* TASK ITEM
Transcribe exactly the lines below that begin at the line with "Radio estéreo para" and stop after the line with "Imagem de Mesa", leaving out every picture.

* AVAILABLE RECORDS
________________

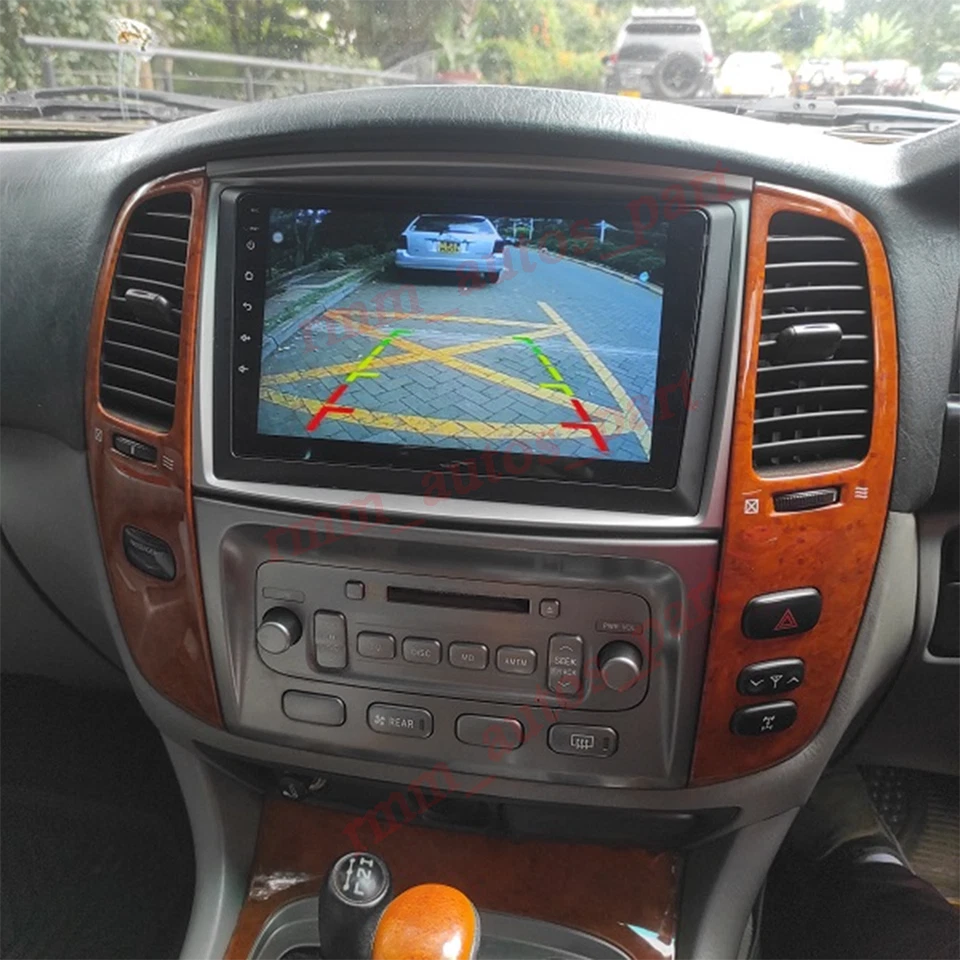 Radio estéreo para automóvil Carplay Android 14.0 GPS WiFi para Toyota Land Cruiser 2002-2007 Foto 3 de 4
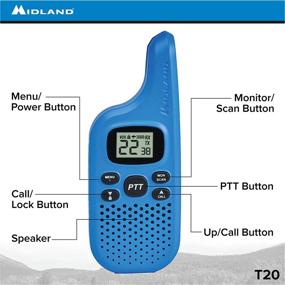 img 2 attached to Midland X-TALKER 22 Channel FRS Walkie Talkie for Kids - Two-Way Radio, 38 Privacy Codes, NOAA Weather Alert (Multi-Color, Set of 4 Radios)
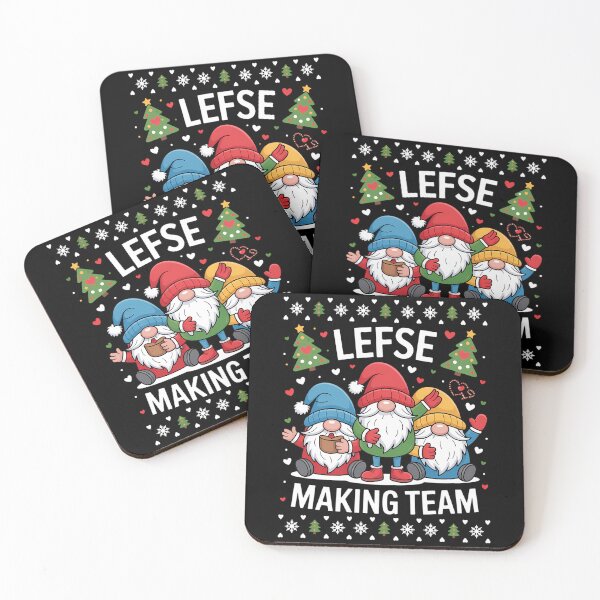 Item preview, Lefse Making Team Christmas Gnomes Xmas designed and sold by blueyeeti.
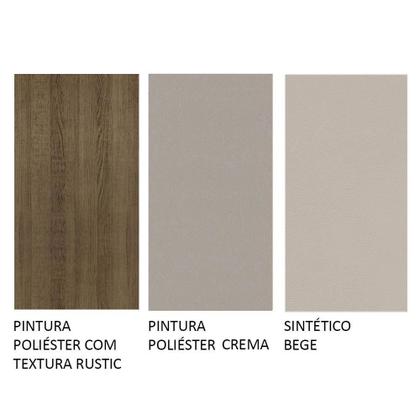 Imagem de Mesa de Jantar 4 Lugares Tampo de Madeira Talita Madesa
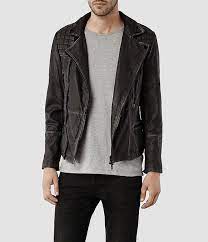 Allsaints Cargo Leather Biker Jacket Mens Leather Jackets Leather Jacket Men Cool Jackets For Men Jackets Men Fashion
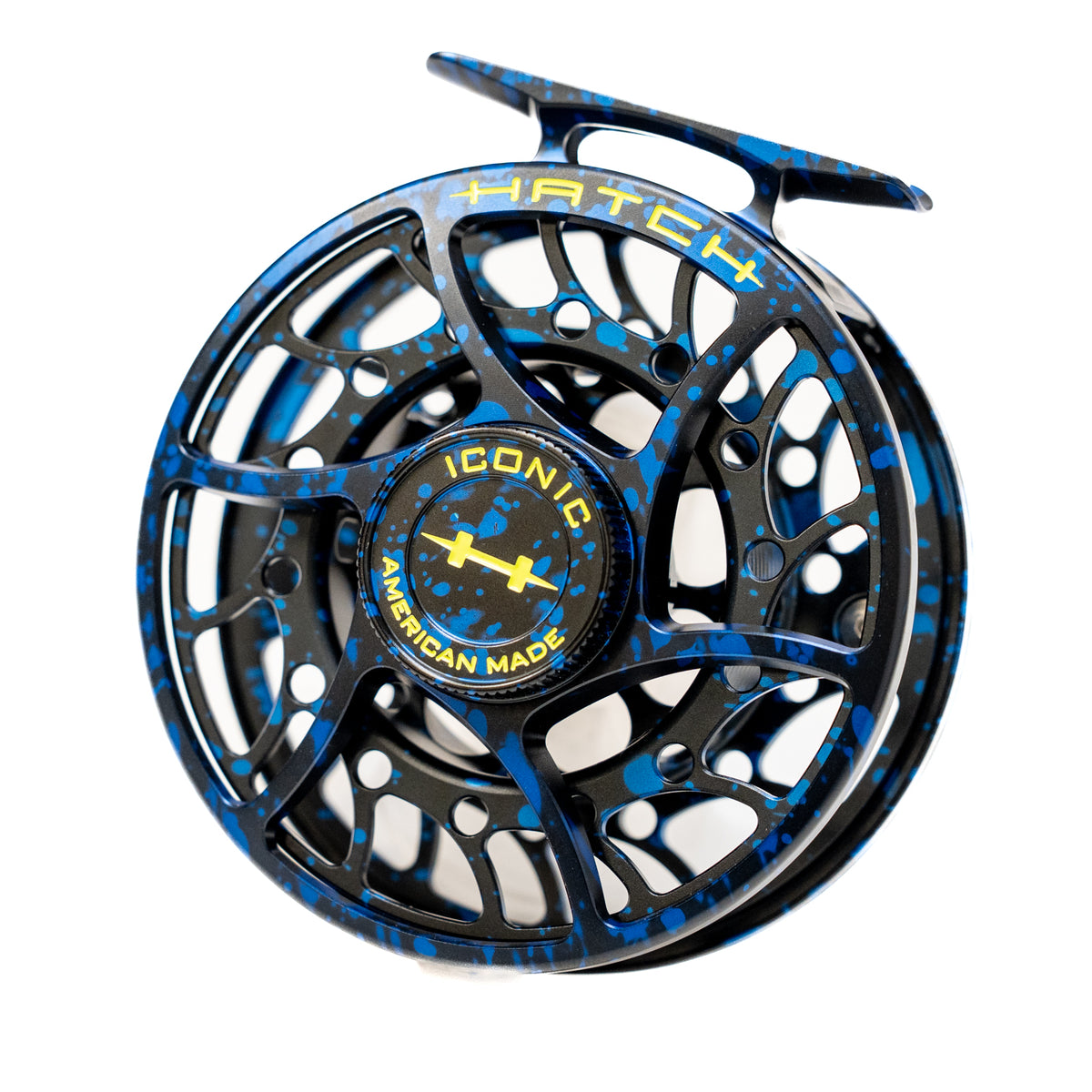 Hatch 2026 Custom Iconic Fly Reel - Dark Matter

________________

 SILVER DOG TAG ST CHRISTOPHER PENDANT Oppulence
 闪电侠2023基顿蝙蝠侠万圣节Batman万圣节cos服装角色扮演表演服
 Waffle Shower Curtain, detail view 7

________________

* ANSWER TO THIS PROBLEM
 Radio estéreo para automóvil Carplay Android 14.0 GPS WiFi para Toyota Land Cruiser 2002-2007 Foto 3 de 4
 img 2 attached to Midland X-TALKER 22 Channel FRS Walkie Talkie for Kids - Two-Way Radio, 38 Privacy Codes, NOAA Weather Alert (Multi-Color, Set of 4 Radios)
 Item preview, Lefse Making Team Christmas Gnomes Xmas designed and sold by blueyeeti.
 Imagem de Mesa de Jantar 4 Lugares Tampo de Madeira Talita Madesa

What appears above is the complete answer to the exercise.